If `f(3-x)= f(x)`, then `int_(1)^(2) xf(x) dx` is equal to

To solve the integral \( I = \int_{1}^{2} x f(x) \, dx \) given the condition \( f(3-x) = f(x) \), we can use a property of definite integrals. Here’s a step-by-step solution: ### Step 1: Define the Integral Let \[ I = \int_{1}^{2} x f(x) \, dx \] ### Step 2: Use the Property of Definite Integrals We can use the property of definite integrals which states: \[ \int_{a}^{b} f(x) \, dx = \int_{a}^{b} f(a+b-x) \, dx \] In our case, \( a = 1 \) and \( b = 2 \), so \( a + b = 3 \).
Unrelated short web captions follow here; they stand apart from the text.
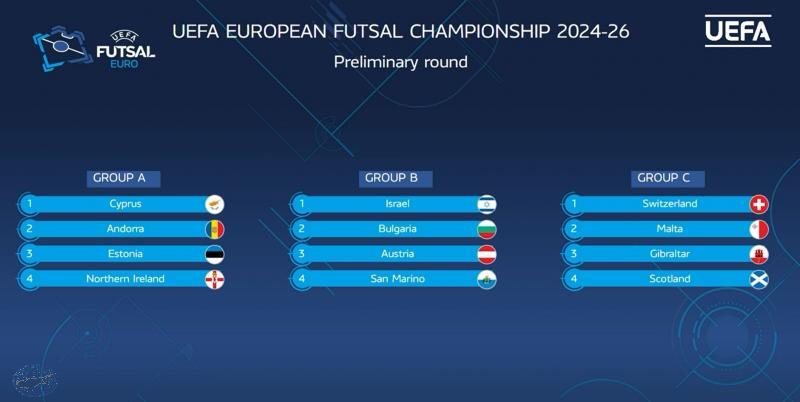 Οι αντίπαλοι της Κύπρου στο UEFA Futsal EURO 2026 thumb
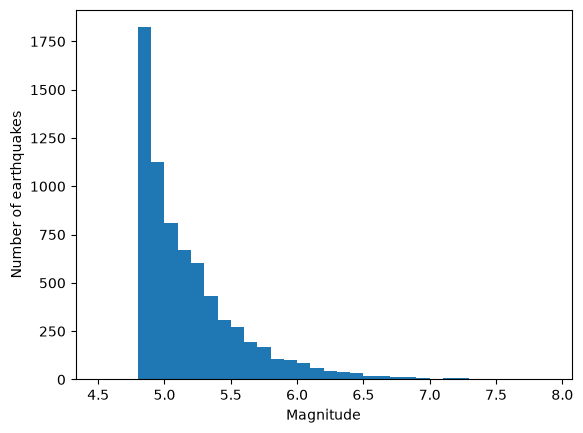 <Figure size 640x480 with 1 Axes>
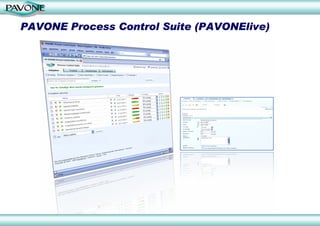PAVONE Process Control Suite (PAVONElive)
 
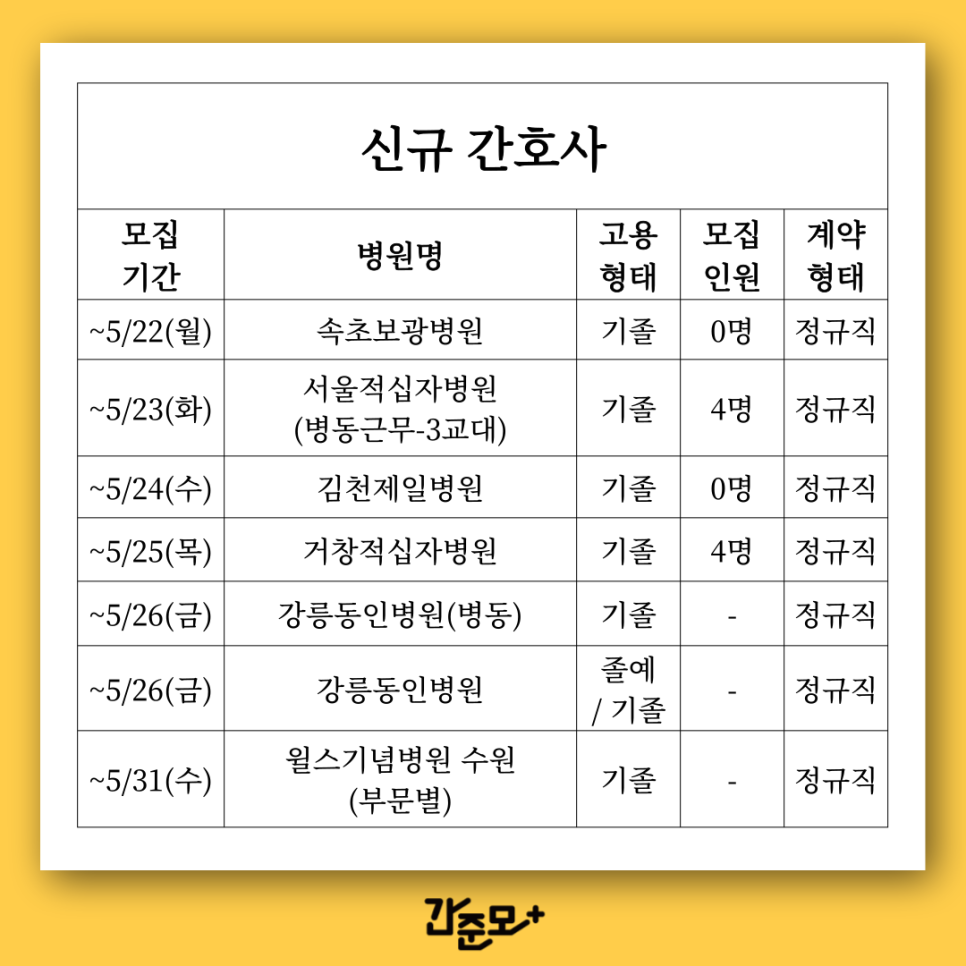 대구의료재단케이병원 이미지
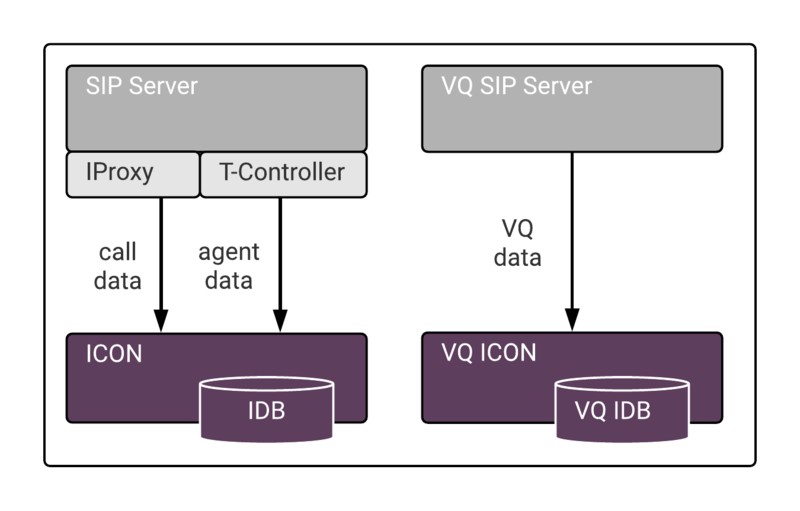 File:Hrep sip cluster architecture icon.png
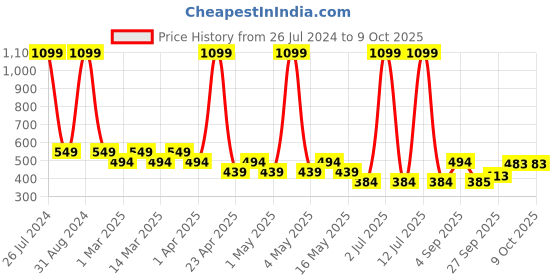 myntra.com Sethukrishna Boys Mandarin Collar Abstract Printed Kurta sethukrishna Price History Graph from 26 Jul 2024 to 9 Oct 2025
Therefore, we can write: \[ I = \int_{1}^{2} x f(x) \, dx = \int_{1}^{2} (3 - x) f(3 - x) \, dx \] ### Step 3: Substitute the Given Condition Since we know \( f(3 - x) = f(x) \), we can replace \( f(3 - x) \) with \( f(x) \): \[ I = \int_{1}^{2} (3 - x) f(x) \, dx \] ### Step 4: Expand the Integral Now, we can expand the integral: \[ I = \int_{1}^{2} 3f(x) \, dx - \int_{1}^{2} x f(x) \, dx \] This gives us: \[ I = 3 \int_{1}^{2} f(x) \, dx - I \] ### Step 5: Solve for \( I \) Now we can add \( I \) to both sides: \[ I + I = 3 \int_{1}^{2} f(x) \, dx \] \[ 2I = 3 \int_{1}^{2} f(x) \, dx \] Dividing both sides by 2: \[ I = \frac{3}{2} \int_{1}^{2} f(x) \, dx \] ### Conclusion Thus, the value of the integral \( I \) is: \[ I = \frac{3}{2} \int_{1}^{2} f(x) \, dx \]